Long-Term Disability Plan

Defendant maintained a long-term disability program for its employees. Plaintiff alleges that the program provided for rehabilitative employment of injured employees, with insurance to pay any difference in compensation between the two jobs. Plaintiff argues that defendant breached this contract and violated ERISA by not giving her a rehabilitative position in 1985 and by not paying the salary difference between grades 2 and 8 in 1987. (She maintains that the grade 2 job she got was rehabilitative employment under the program.)

There is no evidence of such a program other than plaintiff’s testimony and a reference in the company’s long-term disability insurance policy. Plaintiff’s understanding was that if a disability caused a beneficiary returning to work to take a lower-paying job, then that job would qualify as rehabilitative employment under the program. Yet plaintiff testified that the job she took in August 1987 was in no way better for her back than her old job, and in fact required more sitting.

The insurance policy states that disability benefits will generally be reduced by any income earned by the beneficiary through employment.
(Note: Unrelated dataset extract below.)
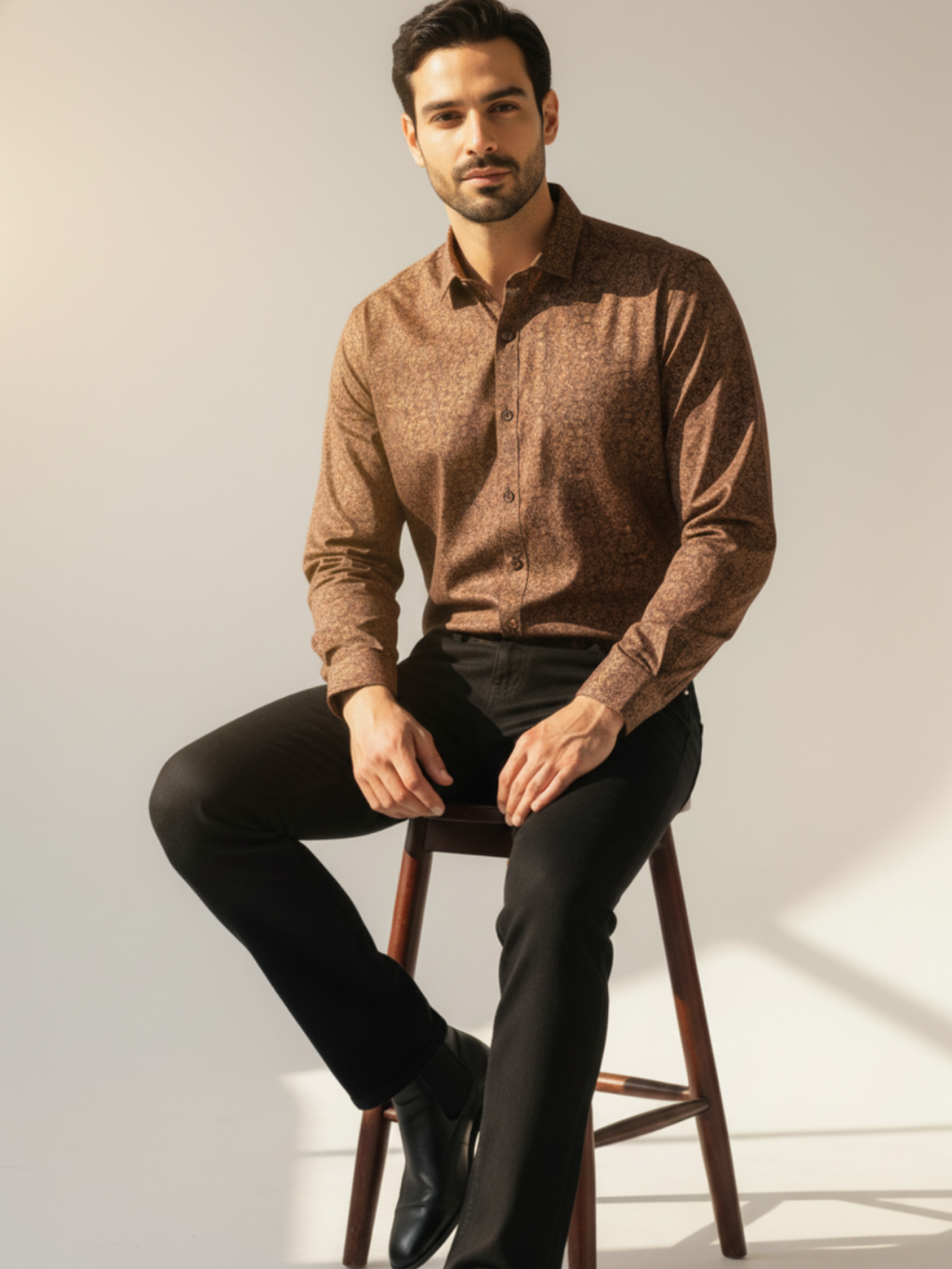 Sepia Leisure Giza Shirt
An exception is made for “approved rehabilitation employment,” whereby:

if such income is received by reason of earnings from employment, with [the employee’s] Employer or any other employer, or from his self-employment, under a plan of approved rehabilitation employment (as hereinafter defined) only 60% of such earnings shall be applied to reduce benefits hereunder....
As used herein the term “approved rehabilitation employment” means any employment, including self-employment, in which the employee participates, after becoming totally disabled, and which both the Employer and Insurer approve for the employee as being reasonably conducive to his return to active work in a gainful occupation, business or employment. Participation by the employee in rehabilitation employment while it is approved for him by the Employer and Insurer shall not terminate his period of disability or any existing entitlement to benefits under this coverage.
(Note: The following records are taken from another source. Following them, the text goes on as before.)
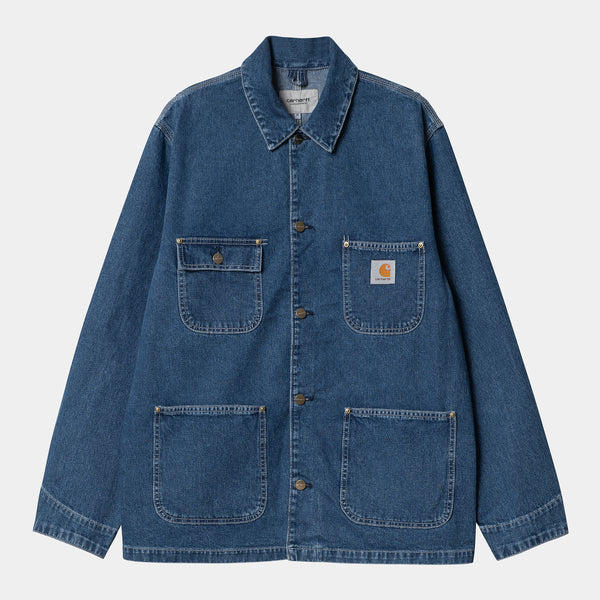 Carhartt WIP - OG Chore Jacket - Blue (Stone Washed)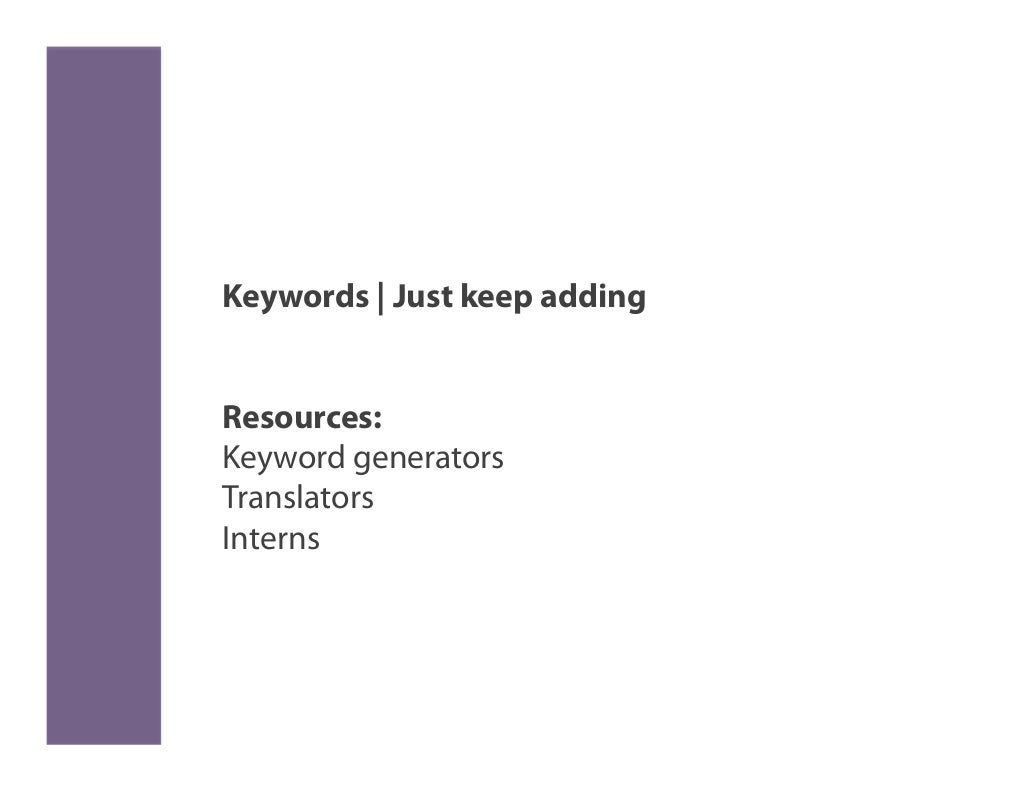 Google AdWords for Nonprofits A Quick Tutorial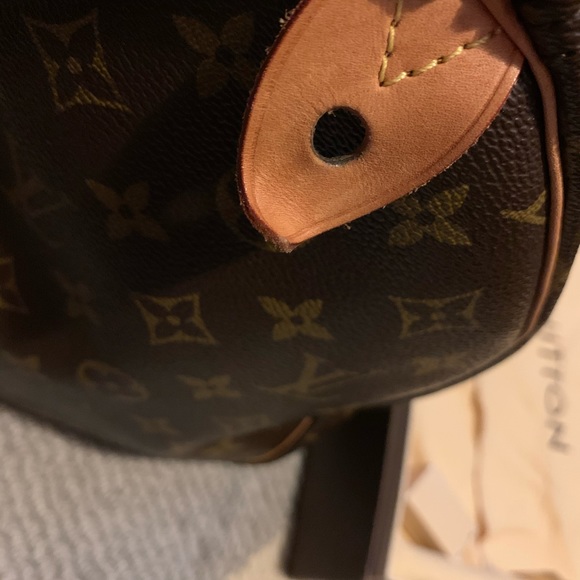 Louis Vuitton Speedy 35 - Picture 5 of 8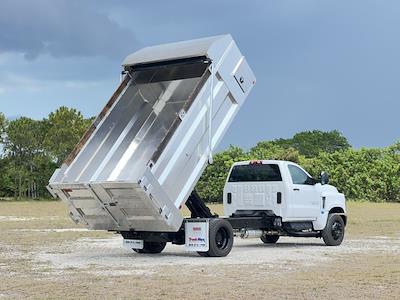 New 2023 Chevrolet Silverado 6500 Regular Cab 4x2, BABCO Engineering and Design Aluminum Landscape Dump for sale #3PH222147 - photo 2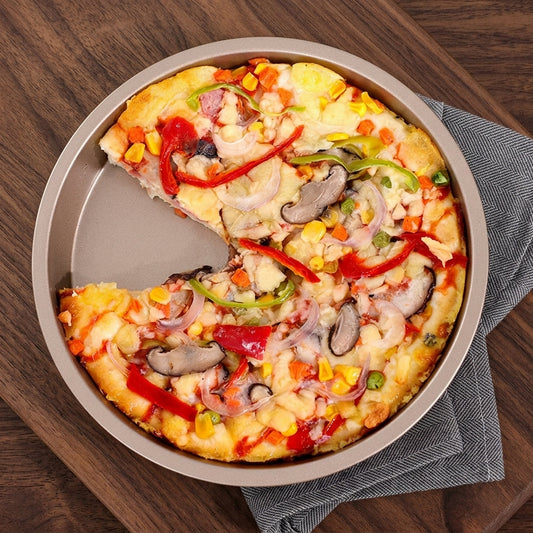 Round Carbon Steel Pizza Pan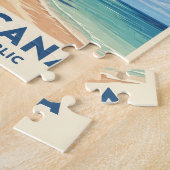Puzzle Punta cana beach paradis (Côté)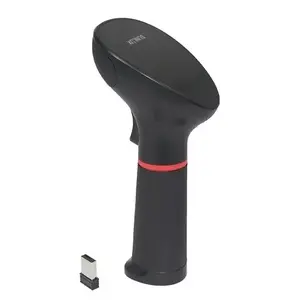 Wireless barcode scanner HiSmart XL-9600 1D/2D, cordless handheld scanner, model HS082680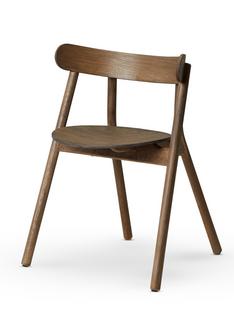 Oaki Dining Chair Chêne fumé|Sans coussin d'assise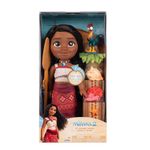Muñeca Interactiva Moana 2 que Canta con Hei Hei y Accesorios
According to defendant’s affidavits, the policy does not require defendant to provide employees on disability leave with rehabilitative employment. Plaintiff never used the procedure for claiming benefits under defendant’s employee benefit plans to request a rehabilitative job. The job plaintiff took in August 1987 was not “approved rehabilitation employment.”
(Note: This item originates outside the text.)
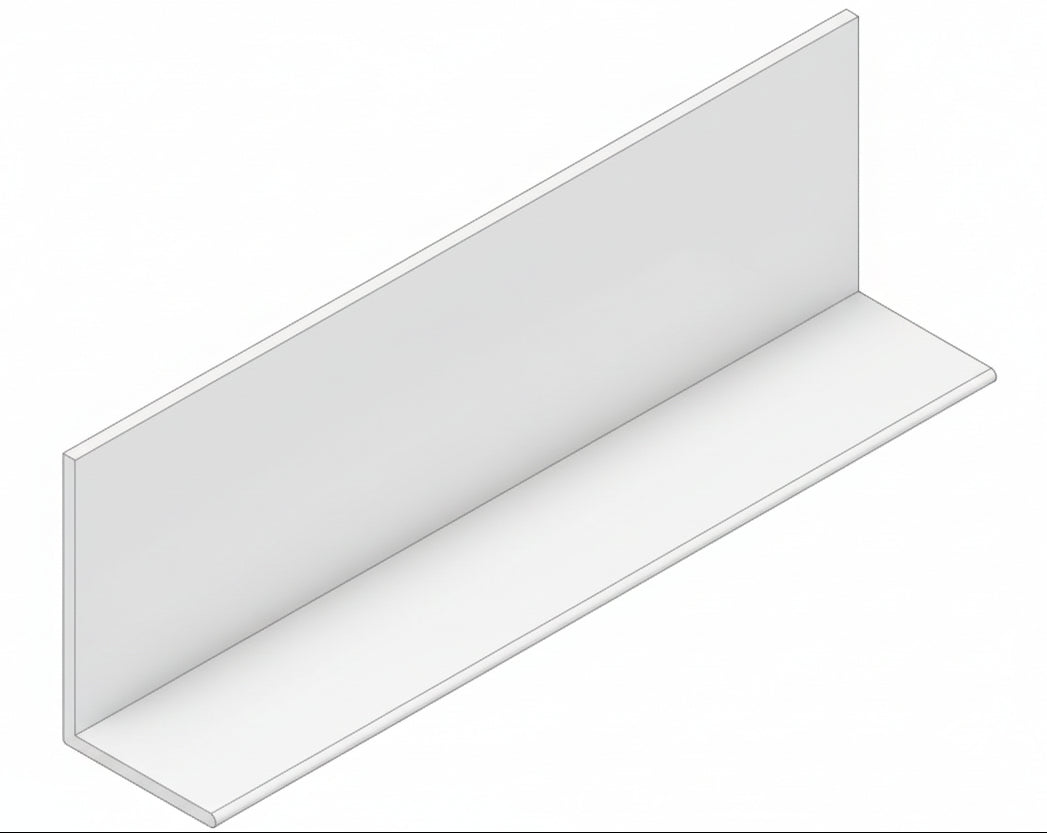 AG-19x32mm - Ceiling Perimeter Angle Trims PARTITIONS LTD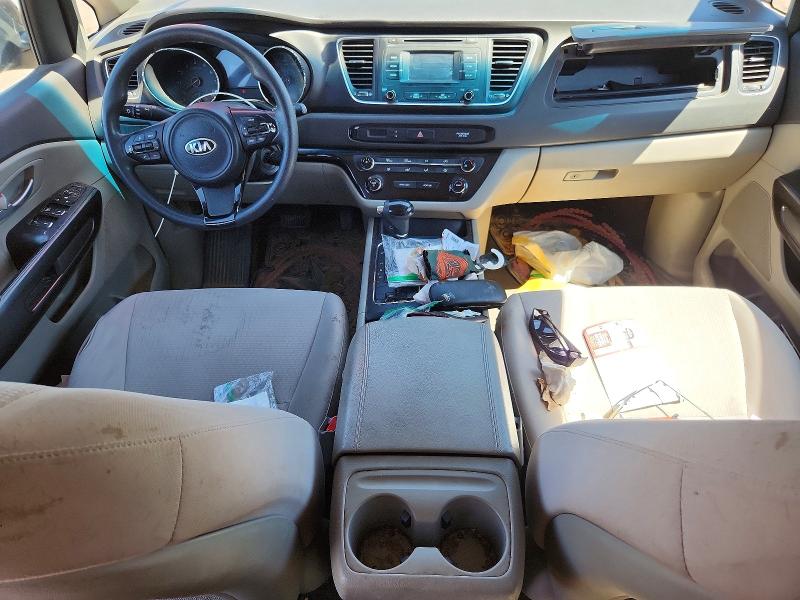 Продажа на аукционе авто 2017 Kia Sedona, vin: KNDMB5C16H6232589, номер лота: 65555186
DISCUSSION AND RULINGS OF LAW

Summary judgment “is a useful device for ... putting a swift end to meritless litigation.” Quinn v. Syracuse Model Neighborhood Corp., 613 F.2d 438, 445 (2d Cir.1980). See also Celotex Corp. v. Catrett, 477 U.S. 317, 327, 106 S.Ct. 2548, 2554, 91 L.Ed.2d 265 (1986). The standard of decision is well established. See Oliver v. Digital Equipment Corp., 846 F.2d 103, 105 (1st Cir.1988) (race discrimination in employment). Defendant must affirmatively demonstrate the absence of a genuine issue of material fact. Anderson v. Liberty Lobby, Inc., 477 U.S. 242, 248, 106 S.Ct. 2505, 2510, 91 L.Ed.2d 202 (1986). If the motion is supported by the record, plaintiff “may not rest upon the mere allegations of his pleading, but ... must set forth specific facts showing that there is a genuine issue for trial.” Id., quoting First Nat. Bank of Arizona v. Cities Service Co., 391 U.S. 253, 88 S.Ct. 1575, 20 L.Ed.2d 569 (1968). An issue is “genuine” if a reasonable jury could return a verdict for plaintiff on the evidence presented. Anderson, 477 U.S. at 248, 106 S.Ct. at 2510. Insignificant or merely colorable evidence is insufficient. Id. at 249-50, 106 S.Ct. at 2510-11; De Arteaga v. Pall Ultrafine Filtration Corp., 862 F.2d 940 (1st Cir.1988) (age discrimination in employment). “Material” facts are those that might affect the outcome of the litigation under the applicable substantive law. Anderson, 477 U.S. at 248, 106 S.Ct. at 2510. “[A] complete failure of proof concerning an essential element of the non-moving party’s case necessarily renders all other facts immaterial.” Celotex, 477 U.S. at 322-23, 106 S.Ct. at 2552.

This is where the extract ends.